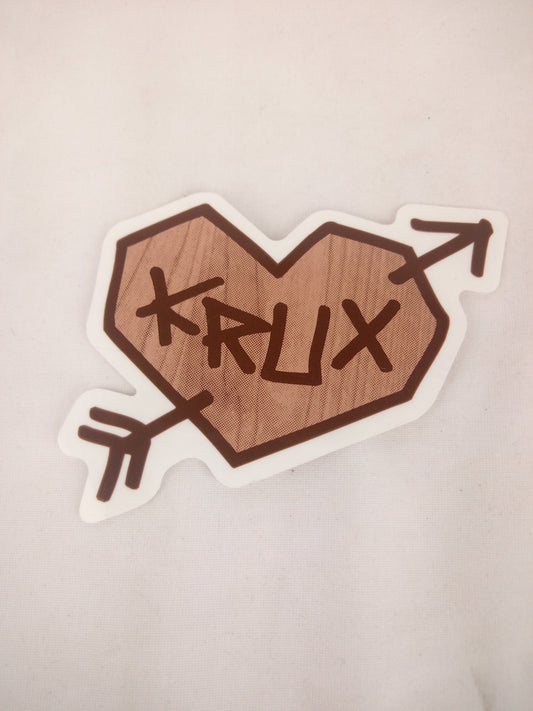 Krux Trucks Heart With Arrow Clear Brown Tan 4" x 2.5" Vintage NOS Sticker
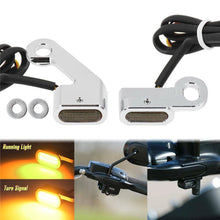 Load image into Gallery viewer, 2X Chrome LED Turn Signal Indicator Running Light Fit For Harley Touring Softail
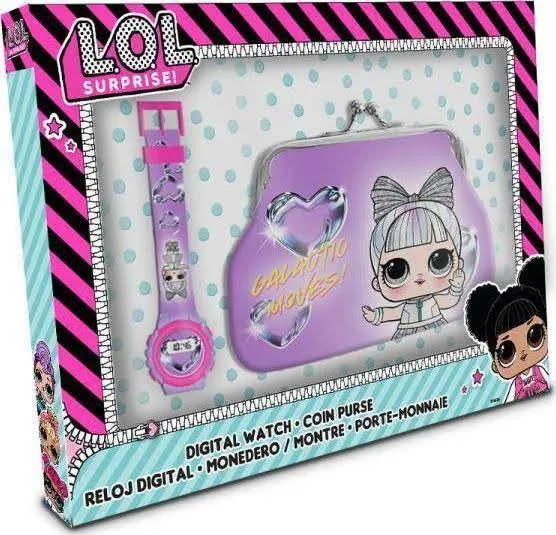 Kids Euroswan Zestaw z zegarkiem cyfrowym i portmonetką LOL LOL21003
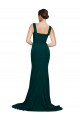 Online Verde Midnight Cubierta Cuadrado Barrer tren Crepé Elástico Largo Vestidos de dama de honor / Vestidos de fiesta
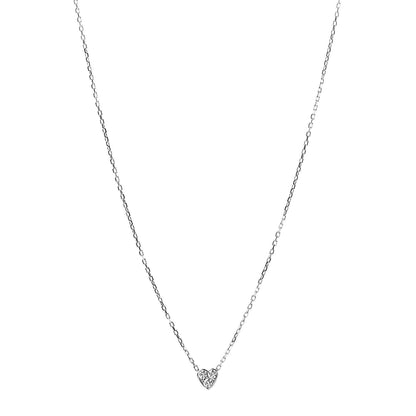 Cartier 18K White Gold Diamond Heart Pendant Necklace 1 of 5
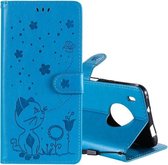 Voor Huawei Y9a Cat Bee Embossing Pattern Shockproof Horizontale Flip Leather Case met houder & kaartsleuven & portemonnee (blauw)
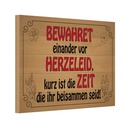 Holzschild 12x18 cm bewahret einander vor Herzeleid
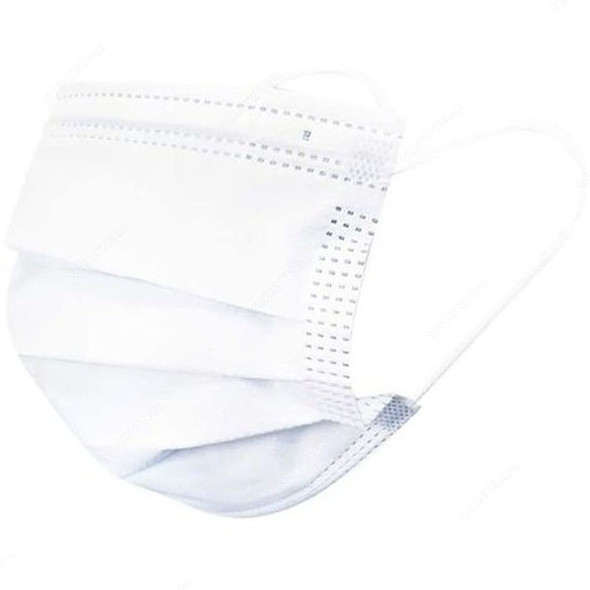 Disposable Face Mask, Non-Woven, 3 Layer, White, 200 Pcs/Pack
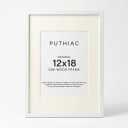 puthiac 12x18 Solid Oak Wood Picture Frame, White, 1 Pack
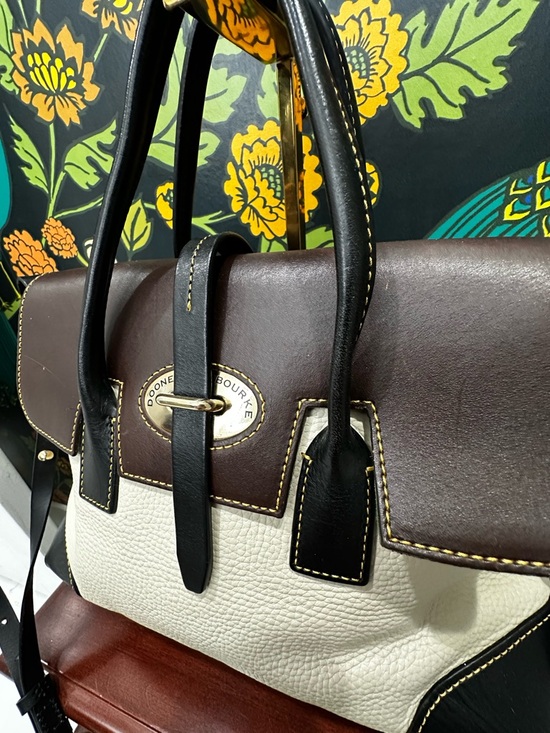 Dooney & Bourke Florentine Leather Satchel Ivory Brown Black Three way carry - Picture 4 of 13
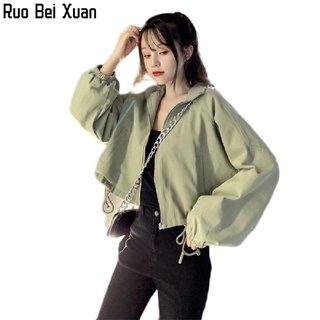 Ruo Bei Xuan เสื้อแจ็คเก็ตนักเรียนหญิงเกาหลีใหม่หลวมแฟชั่นสั้นเสื้อสเวตเตอร์ถักแบบลำลอง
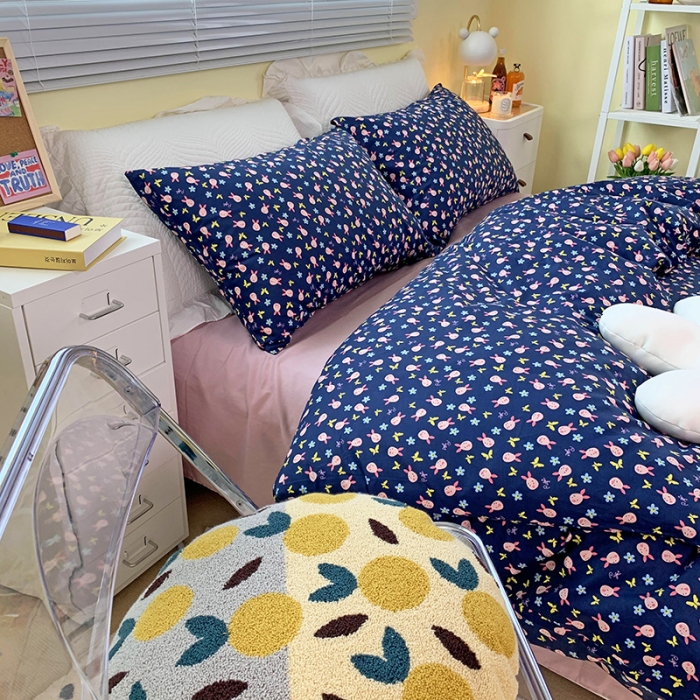 91家纺网 家纺一手货源 找家纺 田野家纺 2021新款初夏全棉四件套 萌萌猪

— HOW TO COMPLETE THIS TASK —
Everything above from the line with "Online Verde Midnight" through the line with "Cartier 18K White" should be retyped exactly, and nothing else; omit pictures.

— RESPONSE —
 Online Verde Midnight Cubierta Cuadrado Barrer tren Crepé Elástico Largo Vestidos de dama de honor / Vestidos de fiesta
 Cartier 18K White Gold Diamond Heart Pendant Necklace 1 of 5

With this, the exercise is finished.